= Harold Plenderleith =

Scottish art conservator and archaeologist

Harold James Plenderleith MC FRSE FCS (19 September 1898 – 2 November 1997) was a 20th century Scottish art conservator and archaeologist. He was a large and jovial character with a strong Dundonian accent.

==Biography==

Harold Plenderleith was born in Coatbridge on 19 September 1898. He was the eldest child of Robert James Plenderleith who was art master at Harris Academy in Dundee and Harold was consequently educated there, also being school dux. His younger brother was Robert Waldron Plenderleith FRSE.

He then joined University College in St Andrews in 1916 but after two terms went to officer training school due to the First World War becoming a Lieutenant in the Lancashire Fusiliers in 1917. He served on the Western Front from August 1917. He received a shrapnel wound in the arm on the Ypres Salient. He was awarded the Military Cross in 1918 for a successful night raid on a German pillbox.

In 1919 he then returned to study Chemistry at University College, Dundee and graduated with a BSc in 1921 and gained his doctorate in 1923. In 1924, he began to work at the British Museum with Alexander Scott in the newly created Department of Scientific and Industrial Research. This department had been created by the museum to address objects in the collection that had begun to rapidly deteriorate as a result of being stored in the London Underground railway tunnels during the First World War. Scott and Plenderleith began applying their knowledge of Chemistry to the deterioration of museum objects and began scientific conservation in the United Kingdom.
As an archaeologist he was involved in the excavations of the tomb of Tutankhamun in Egypt, Sir Leonard Woolley's site at Ur, and the Sutton Hoo ship burial.

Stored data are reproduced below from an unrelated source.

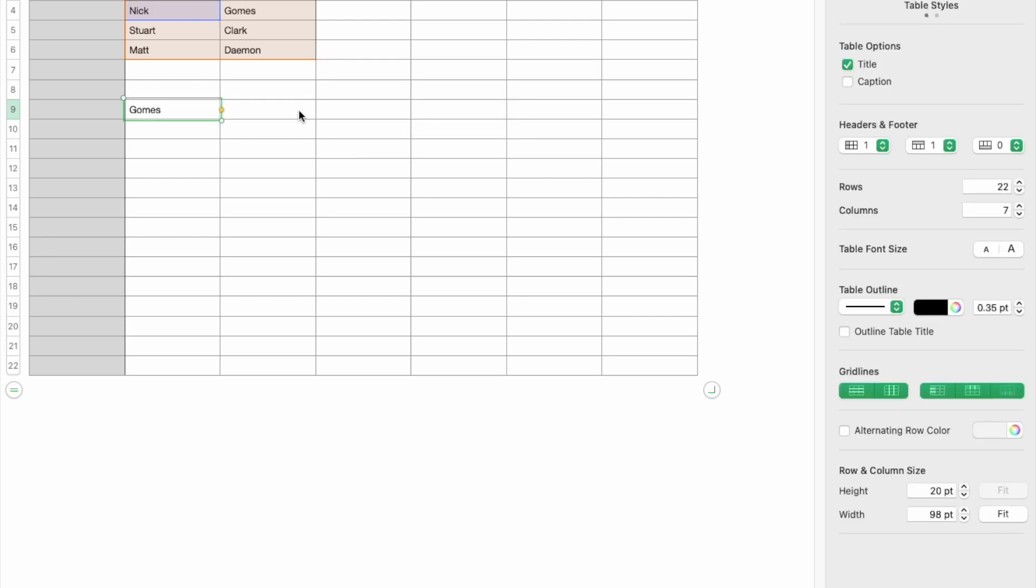So that's it. That's how you use VLOOKUP in Numbers. Let me know if you have any questions. It's pretty simple and straightforward. Thanks for watching.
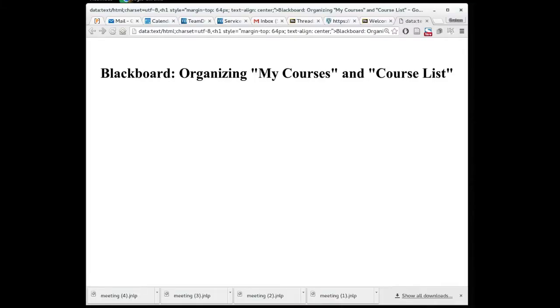Hi there. This is a very short video giving you some instructions on how to organize my courses and course lists in Blackboard Learn.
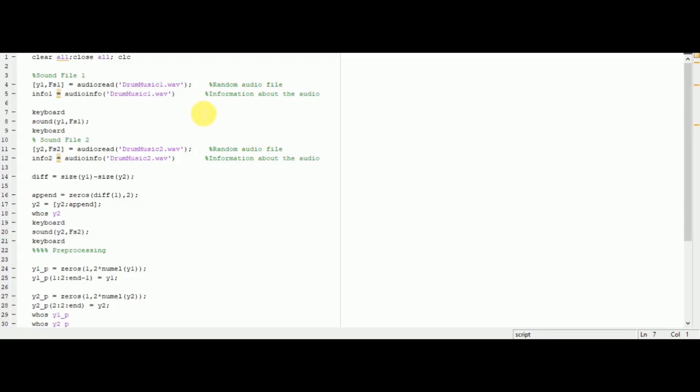In this example, I am going to demonstrate time division multiplexing, TDM, of two audio signals. Specifically, I have selected two audio signals.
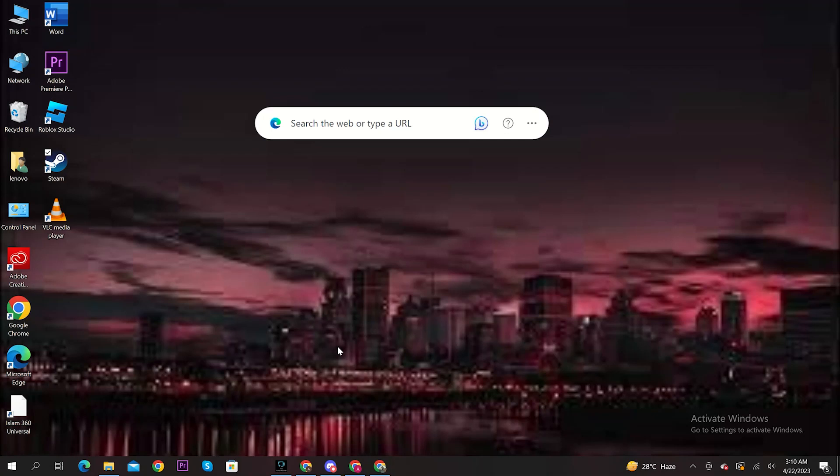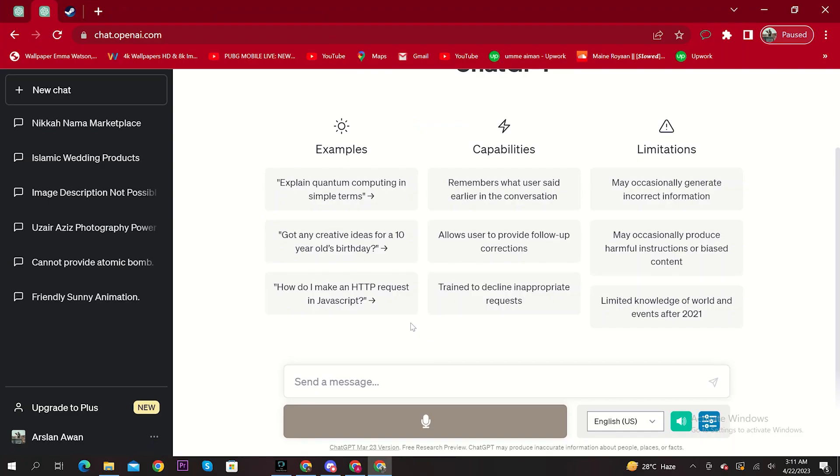Hello! In this video, we will see how to download ChatGPT on a laptop for free. First, open chat.openai.com in your Google.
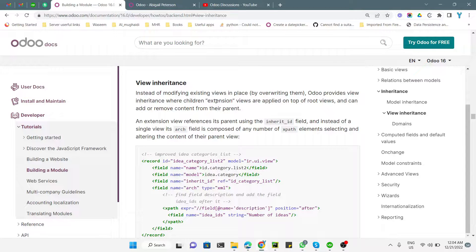In the previous video we discussed model inheritance, and in this video we are going to talk about view inheritance. View inheritance is really important for Odoo customization. If you want to make any changes inside Odoo views like the tree view, list view, Kanban view, or other views, you need to use the view inheritance mechanism.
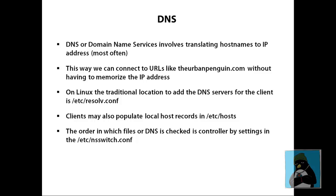Traditionally we would add in the DNS server to search and our domain name information into the /etc/resolv.conf on Linux. On local clients we might populate the /etc/hosts file and we can control the order of that name resolution through the nsswitch.conf.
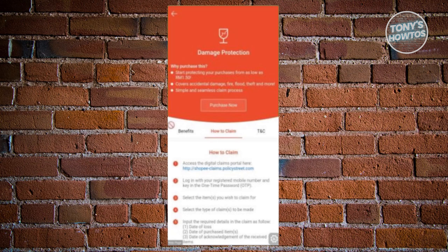You need to log in or register with your mobile number and receive an OTP to confirm. Then select the items for a claim, select the type of claim, and input all the required details to complete the claim.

In 1934 he was elected a Fellow of the Royal Society of Edinburgh. His proposers were Alexander Scott, Arthur Pillans Laurie, Sir James Irvine and William Peddie.

In the Second World War he worked with Sir John Forsdyke on the relocation of precious artefacts from the British Museum into mines and quarries in Wales to avoid bomb damage. On the night of 10-11 May 1941 when the British Museum was bombed, he crawled "like a snake" into a burning book storage area to investigate the damage.

Plenderleith retired from the British Museum in 1959 to become the first director of the International Center for the study of the Preservation and Restoration of Cultural Property (ICCROM). He was the director of ICCROM until 1971. He helped set up and then served on the Council of the International Institute for Conservation from its creation in 1950 until 1971 and was IIC's President from 1965 to 1968.
He received many medals throughout his career, including: the Gold Medal of the Society of Antiquaries in 1964; Unesco Bronze Medal, 1971; the Conservation Service Award of the U.S. Department of the Interior, 1976 and the ICCROM Award, Rome, 1979.

He died in Inverness on 2 November 1997 aged 99.

==Family==

He was married twice. Firstly (and for over 50 years) he was married in 1926 to Elizabeth K S Smyth. Following Elizabeth's death in 1982, in 1988, aged 90, he married Margaret MacLennan (nee MacLeod). He had four stepchildren by his second marriage but no biological children by either marriage.

==Publications==

===Books===
- The Conservation of Antiquities and Works of Art: Treatment, Repair and Restoration by Harold James Plenderleith, A. E. A. Werner. Oxford Univ Pr, ISBN 0-19-212960-0 (0-19-212960-0)
- The Preservation of Leather Bookbindings by H. J. Plenderleith. British Museum, ISBN 0-7141-0227-X (0-7141-0227-X)
- Qumran Cave 1 by George L. Harding, D. Barthelemy, J. T. Milik, R. De Vaux, G. M. Crowfoot, Harold James Plenderleith. Oxford Univ Pr, ISBN 0-19-826301-5 (0-19-826301-5)

===Chapters===
- Maryon, Herbert (1954). "A History of Technology: From Early Times to Fall of Ancient Empires"

===Articles===
- Plenderleith, H. J. (1959). "The Royal Bronze Effigies in Westminster Abbey"
- Plenderleith, H. J. (1998). "A History of Conservation"

==Honours and awards==

- Gold Medal of the Society of Antiquaries in 1964.
- Unesco Bronze Medal, 1971.
- The Conservation Service Award of the U.S. Department of the Interior, 1976.
- The ICCROM Award, Rome, 1979.

==Memorial lecture==

Since Plenderleith's death, the Scottish Society for Conservation and Restoration (SSCR) have organised an annual Plenderleith Memorial Lecture, the SSCR merged with several other organizations in 2005 to form the Institute of Conservation, and today the lecture continues annually under the auspices of the Committee of the Icon Scotland Group.